Rossetti, William M. "British Sculpture, Its Conditions and Prospects." Fraser's 63 (April 1861): 493-510. Web. 21 Sept. 2011.
Rossetti examines sculpture in general and British sculpture in particular, discussing the essential principles governing the art form as well as the current state of British sculpture and sculptors. In the process, Rossetti considers the interplay between art, artists, critics and the public, explaining the dynamic effect each component has on contemporary sculpture as an art form and the resulting art itself as a watermark of British culture.
Rossetti methodically explains what he sees as a crucial divergence between what artists profess and how they ultimately act despite their professed belief, plus some of the related causes for this divergence. This argument becomes the warrant for his claim regarding similar a divergence degrading the art form as professed in "the Government Schools of Art."

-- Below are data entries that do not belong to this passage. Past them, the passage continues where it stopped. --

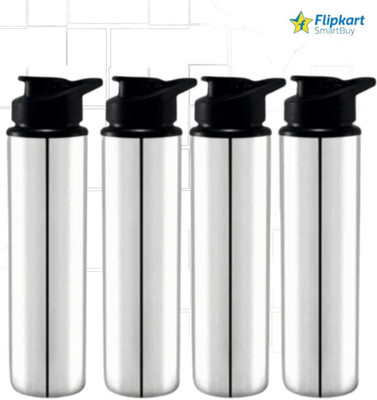 Flipkart SmartBuy 900 ml Steel Sipper(Pack of 4, Silver, Black)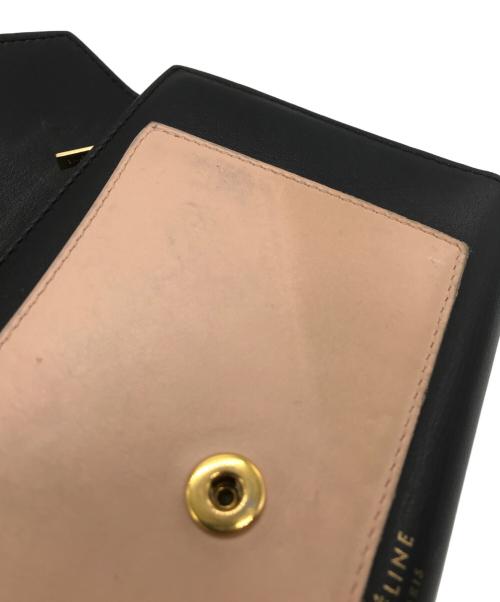 CELINE（セリーヌ）CELINE (セリーヌ) トライフォールデッドロングウォレットの古着・服飾アイテム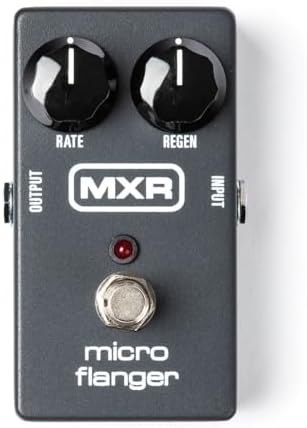 Эффект педаль MXR Micro Flanger с управлением скорости и регенерации, True bypass с LED MXR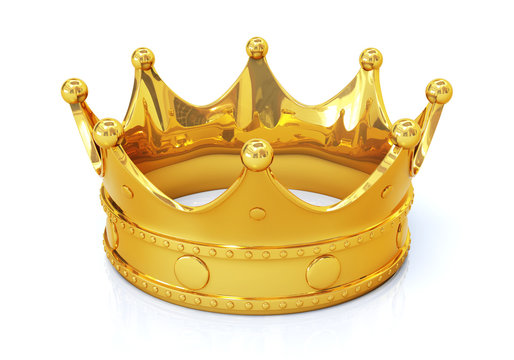 Golden crown - top view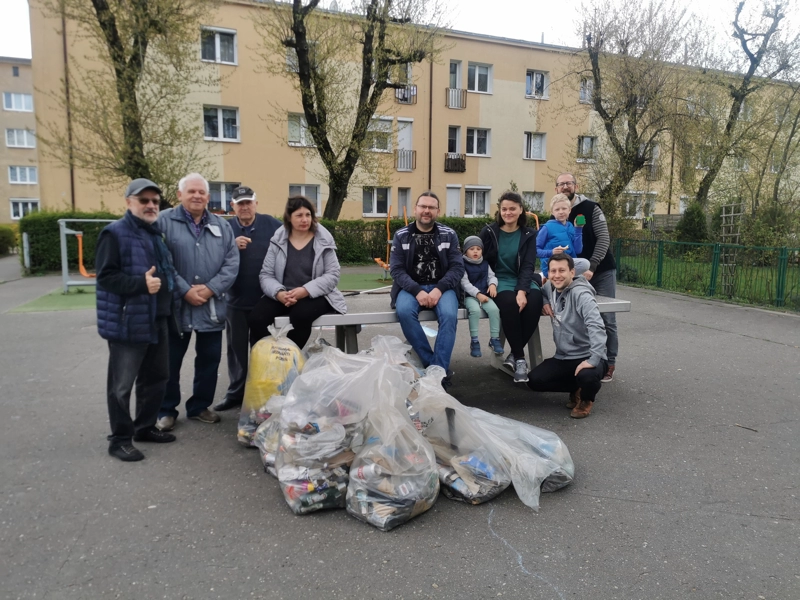 Wiosenne porządki na osiedlu Ogrody Poznań 2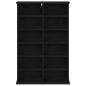 Preview: CD Regal Schwarz Eichen-Optik 60 x 17 x 92 cm Holzwerkstoff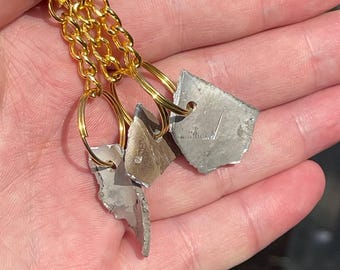 Authentic War Relic Keychain • Real Missile Fragment from Ukraine • Military History Gift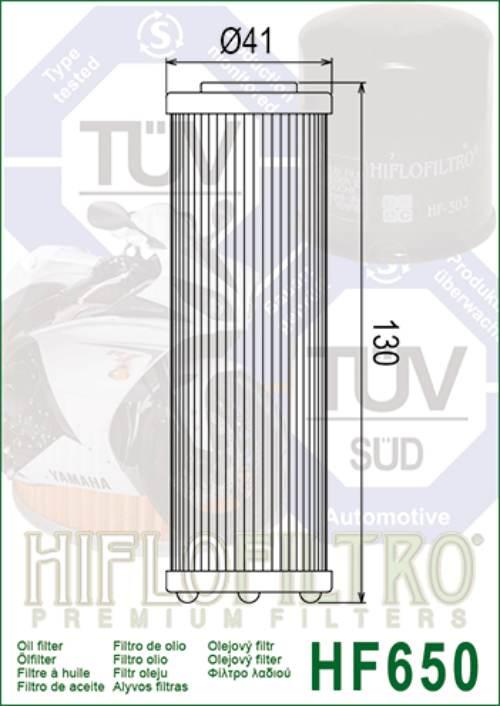 Filtr oleju hiflo hf650 ktm 950/990/1050/1190/1290, atv 450/505 - zdjęcie 2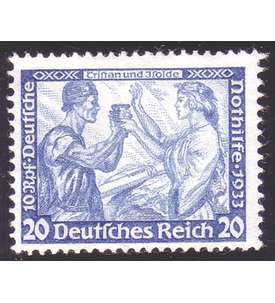 Deutsches Reich Nr. 505A ungestempelt mit Farb-Foto-Befund Oechsner 20 Pfennig Wagner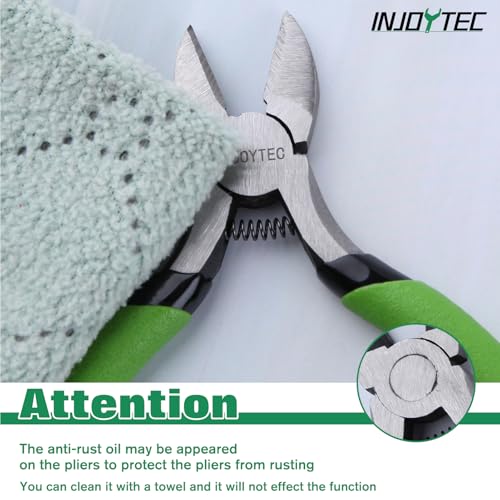 Wire Cutters Side Cutting Pliers 5 Inch Diagonal Pliers Floral Wire Cutters Ultra Sharp Flush Cut Pliers Mini Fine Wire Cutting Plier Flush Cutting Pliers for Jewelry Making - style: Diagonal Pliers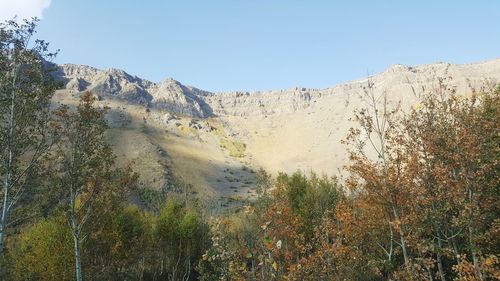 Panoramic view of landscape against clear sky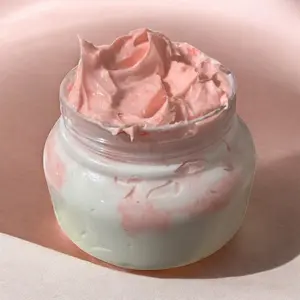 Candy Cane Body Butter - Moisturizing Cream for Soft Skin, 100g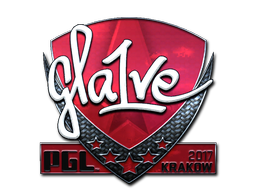 Item Sticker | gla1ve (Foil) | Krakow 2017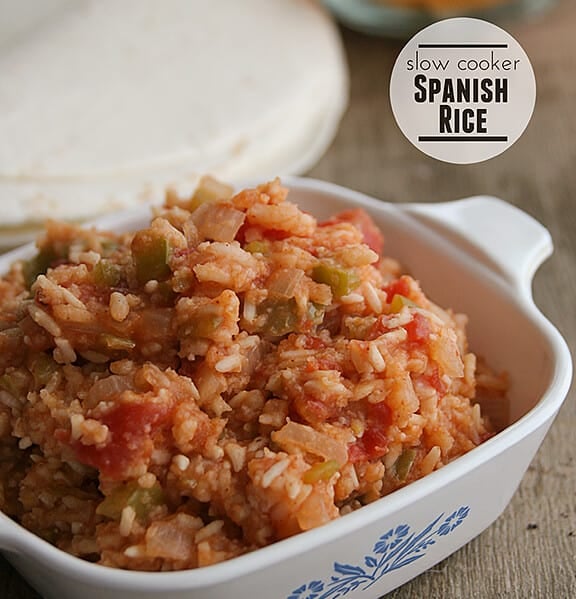 Slow Cooker Spanish Rice | www.tasteandtellblog.com #recipe #slowcooker #crockpot #sidedish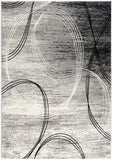 2’ x 12’ Gray Distressed Swirls Runner Rug
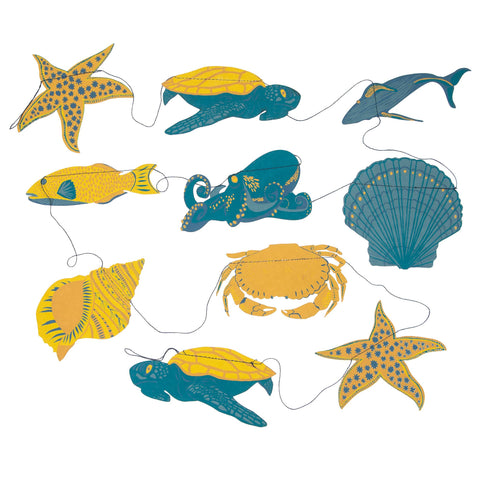Sealife Sewn Garland - Sprouts of Bristol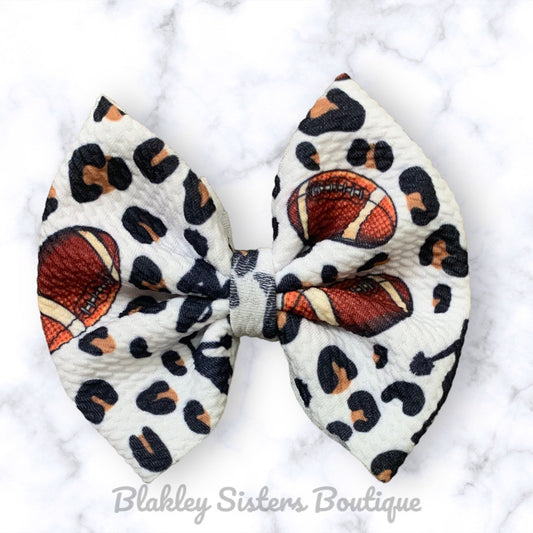 Football And Cheer Bow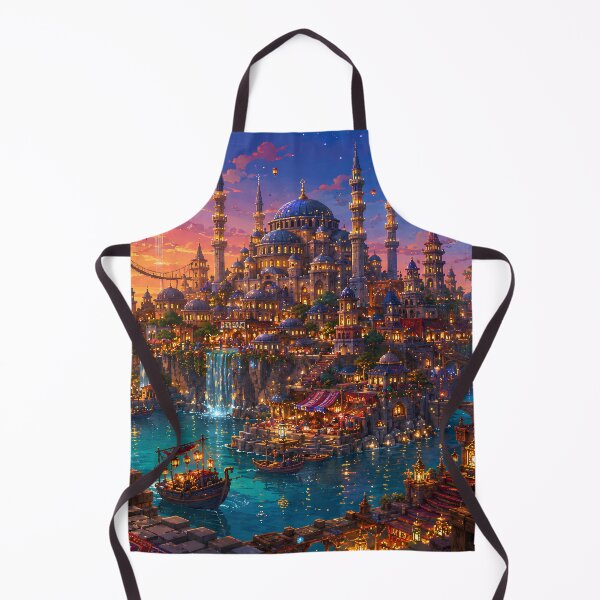 Item preview, Istanbul Sky Bazaar at Golden Sunset designed and sold by pixelpopplanet.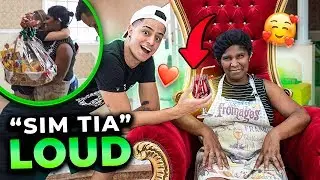 DIZENDO SIM PRA TIA DA COZINHA POR 24H NA LOUD!!!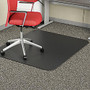 Deflect-O; Chair Mat For Low-Pile Carpets, For Commercial-Grade Carpeting, 45 inch;W x 53 inch;D, Black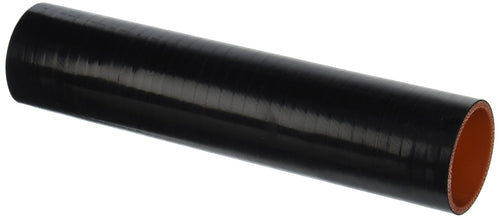 HPS Silicone HTST-225-BLK High Temperature 4-ply Reinforced Tube Coupler Hose, 75 PSI Maximum Pressure, 12" Length, 2-1/4" ID, Black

Rossetti builds a precise argument claiming that motivation in British sculpture among sculptors, critics and the public has become skewed for several reasons: sculpture itself must be rooted in contemporary authenticity, not imitation of "classic" forms; sculpture requires a proper setting which in England is lacking. This claim mirrors Rossetti's recollection of a conversation he had with John Ruskin around 1860, when Ruskin pointed out to Rossetti "that sculpture dissociated from architecture seemed to him out of its proper sphere" (Reminiscences I:105)
A further complication is that sculptors have no choice but to invest an inordinate amount of time and money into even the basic proposal of a project and therefore can only afford to conform to skewed Academy and popular expectations rather than authentic aesthetics; and finally, the British public appears to be largely uninformed and uninterested in the true ideal of authentic sculpture, preferring instead a cursory appreciation of the imitation of previous sculpting forms and conventions erroneously endorsed by both Academy and contemporary critics.
Rossetti discusses the marketplace interaction between key factors such as criticism, patronage, aesthetic authority including the Royal Academy, and public perception and valuation of aesthetics and sculpture which, he concludes, results in "the poor state of British sculpture at the present day."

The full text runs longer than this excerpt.